Prove that the square of any integer, when divided by 3. only by odd and even.

[dgamma3]

Homework Statement

I know you could prove this by stating every integer is either 3m, 3m+1 or 3m+2. However I am trying to prove this just using either even numbers or odd numbers.

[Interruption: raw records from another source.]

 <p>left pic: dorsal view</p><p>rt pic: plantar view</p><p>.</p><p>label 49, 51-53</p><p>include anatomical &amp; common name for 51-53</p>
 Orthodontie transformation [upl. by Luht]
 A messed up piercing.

so for example, when I try:
(2x+1)^2
= 4x^2 + 4x + 1 - expand
= 3x^2 + x^2 + 3x + x + 1 - group like terms
= 3x^2 + 3x + x^2 + x + 1
= 3*(x^2 + x) + x(x+1) + 1

x(x+1) + 1 is an odd number

so
= 3*(x^2 + x) + 2p + 1

thats as far as I can go.

thanks

 

[Mark44]

Homework Statement

I know you could prove this by stating every integer is either 3m, 3m+1 or 3m+2. However I am trying to prove this just using either even numbers or odd numbers.

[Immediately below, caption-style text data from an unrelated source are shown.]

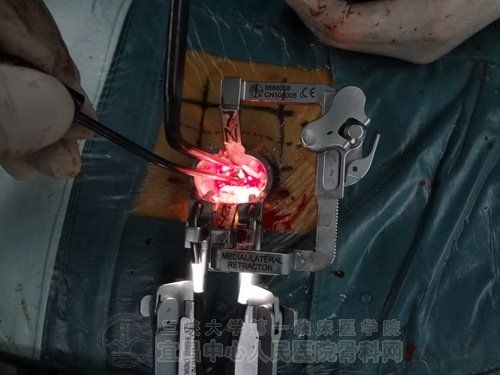 quadrant通道脊柱微创手术治疗腰椎管狭窄症腰椎滑脱症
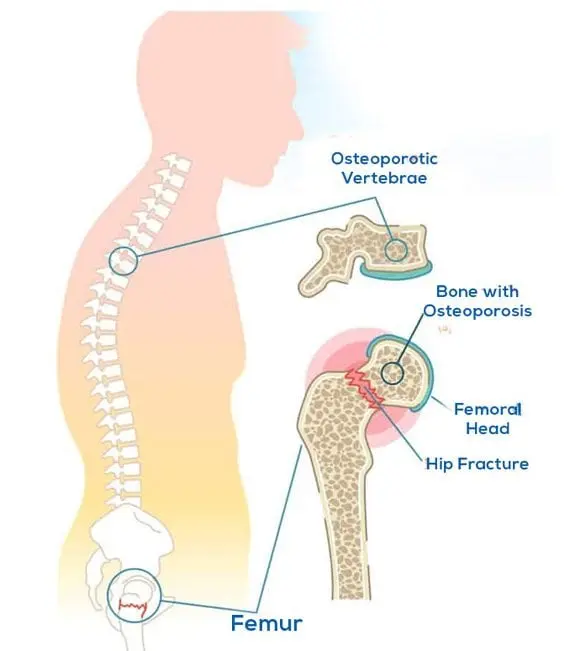 Overview of Chronic Back Pain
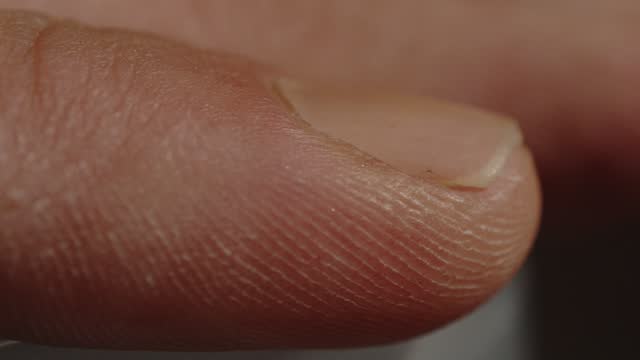 Macro Close up of discolored man's fingernail on index finger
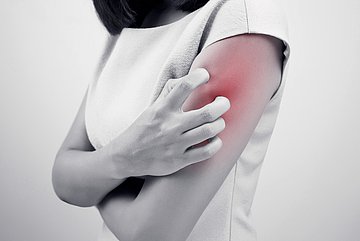 Seitlich von vorne links ist der Oberkörper einer Frau zu sehen, die sich intensiv mit der rechten Hand am linken Oberarm kratzt, der bereits eine rötliche Färbung zeigt.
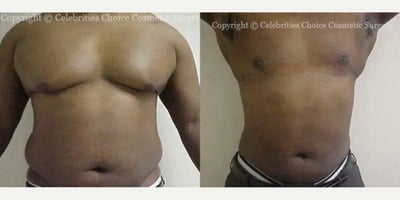 Man treated with Gynecomastia Surgery - Man treated with Gynecomastia Surgery and Liposculpture, shown 3 months post op.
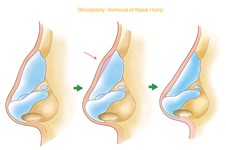 上海做鼻子好的醫(yī)生推薦榜，哪個醫(yī)生做得好一目了然！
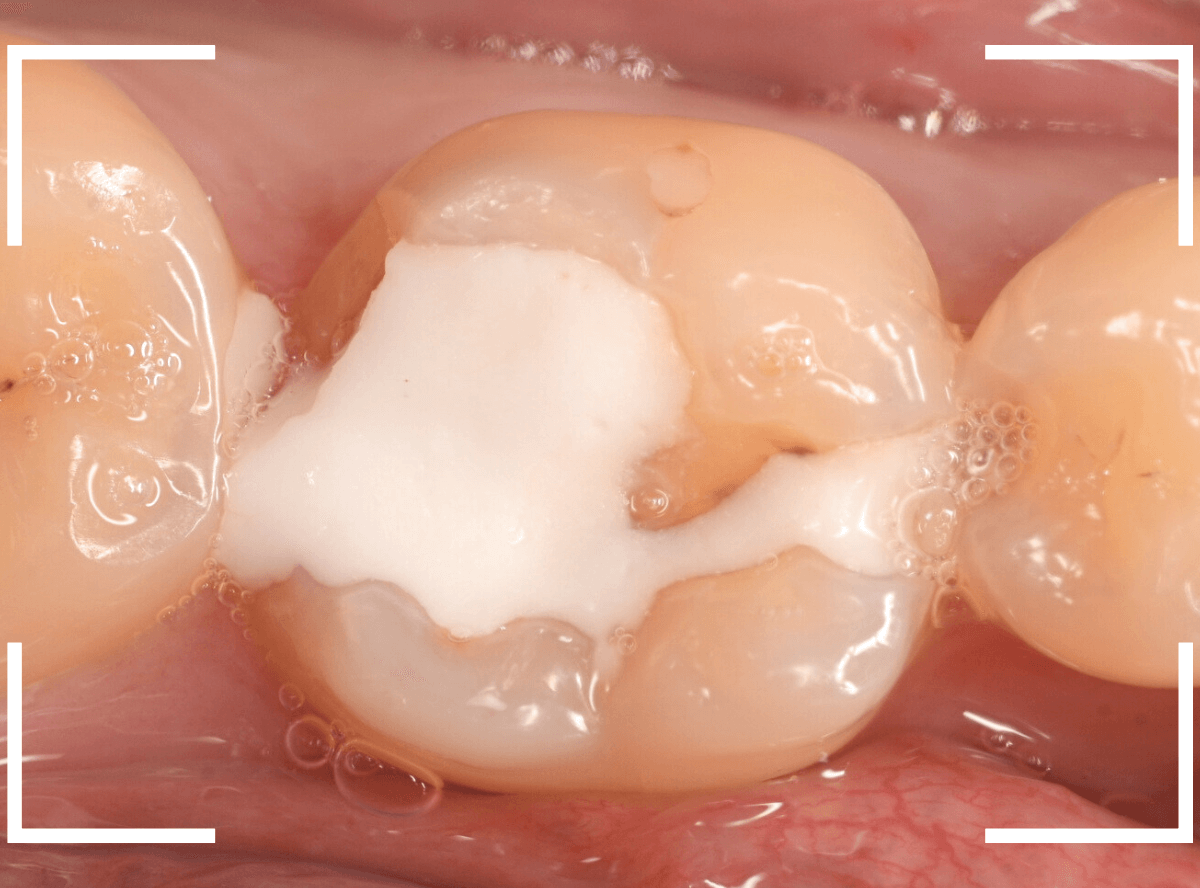 セラミック治療(インレー)29-1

so for example, when I try:
(2x+1)^2
= 4x^2 + 4x + 1 - expand
= 3x^2 + x^2 + 3x + x + 1 - group like terms
= 3x^2 + 3x + x^2 + x + 1
= 3*(x^2 + x) + x(x+1) + 1

x(x+1) + 1 is an odd number

so
= 3*(x^2 + x) + 2p + 1

thats as far as I can go.

What are you trying to prove?
Your thread title seems to be missing a few words

Prove that the square of any integer, when divided by 3. only by odd and even.

Prove that the square of any integer, when divided by 3, does what?

The problem template has a problem statement section titled, and this is where the statement of the problem should go. Use it.

 

[dgamma3]

sorry mate.

Prove that the square of any integer, when divided by 3, leaves remainder 0 or 1 but never 2.
thanks

 

[haruspex]

What possibilities do you need to consider for the integer?